Dilekçede ayriyeten şu ifadeler yer aldı:
"5651 sayılı kanunun 9/4. maddesinde, internet sitesindeki tüm yayına yönelik erişimin engellenmesi kararının, istisnai olarak ve ihlalin engellenemeyeceği durumda verilebileceği ifade edilmiştir. Ancak hakimlik tarafından kişilik haklarını ihlal edici olmayan 31 URL adresine yönelik 1 Kasım’da erişimin engellenmesi kararı verilmiş ve bu karar uygulanmıştır. Kanun hükmünün yerine getirildiği ve eğer bir ihlal söz konusu olsa dahi bu ihlalin ortadan kaldırılabildiği bizzat hakimlik kararı ile sabittir. Nitekim Ankara 2. Sulh Ceza Hakimliği tarafından verilen 8 Kasım tarihli kararın gerekçesinde de ihlalin engellenemeyeceğine dair bir gerekçe yer almamaktadır."
Konu, TBMM gündemine taşındı: Kamuoyunun haber alması engellenmek mi isteniyor?
İyi Parti Adana Millevekili İsmail Koncuk ise konuyu Türkiye Büyük Millet Meclisine (TBMM) taşıdı. Koncuk, 21 Kasım Pazartesi günü, Milli Eğitim Bakanu Mahmut Özer'in yanıtlaması istemiyle soru önergesi verdi ve Özer'e şu soruları yöneltti:
- MEB vekillerince URL adında "MEB" kelimesi geçen internet sitelerine "adın korunması" davası açılmış mıdır? Açılmış ise hangi internet sitelerine açılmıştır?

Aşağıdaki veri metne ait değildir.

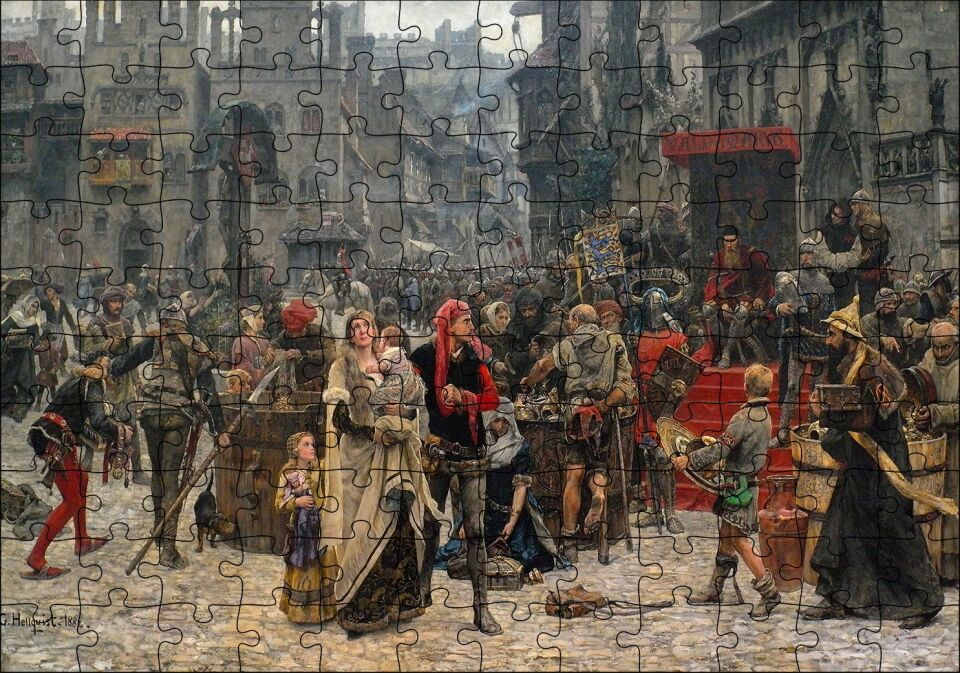 Carl Gustaf Hellqvist Ortaçağ Resmi Pazar Yeri Puzzle Yapboz MDF Ahşap 120 Parça 24 cm X 34 cm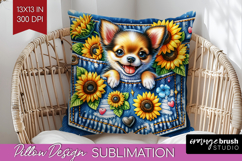 Denim Pillow Sublimation - Dog In Pocket Pillow Cover PNG Product Image 1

- MEB iş ve işlemleri ile ilgili yapılan haberlere erişim engeli getirilmesi istenerek kamuoyunun haber alması, aydınlanması engellenmek mi istenmektedir?
- [MEB'de Tıp Doktoru Genel Müdürün Tıp Doktoru Olan Eşi Bakan Mahmut Özer'in danışmanı olarak görev yapıyor başlıklı habere işaret ederek] haberinde yer aldığı gibi aile hekimliğinden MEB'e genel müdür olan var mıdır? Varsa bu genel müdürün eşi aile hekimi milli eğitim rakanına "Bakan Danışmanı" olmuş mudur? Bu nitelikleri taşıyan 1 milyon öğretmen içerisinde kimse bulunamamış mıdır?
- [MEB Hukuk Hizmetleri Genel Müdürü Murat SÜT'ün Özgeçmişi Neden web sitesinde yok? başlıklı habere işaret ederek] haberinde yer aldığı gibi genel müdürün özgeçmişinin internet sitesinde yer almaması ile ilgili yapılan habere neden erişim engeli istenmiştir? Hukuk Hizmetleri Genel Müdürünün geçmişi ile ilgili gizlenmek istenen bir şeyler mi vardır?
- ["Murat SÜT'ün 12 Yıl içinde MEB'de Genel Müdürlüğe Yükselişinin Hikayesi: Herkese nasip olmaz" başlıklı habere işaret ederek] haberinde yer aldığı gibi Murat Süt, Hukuk Hizmetleri Genel Müdürlüğüne atanma şartlarını taşımadığı için mi Yüksek Öğretim ve Yurt Dışı Eğitim Genel Müdürü olarak atanmıştır? Süt, Yüksek Öğretim ve Yurt Dışı Eğitim Genel Müdürü iken neden Hukuk Hizmetleri Genel Müdürlüğüne vekalet etmektedir?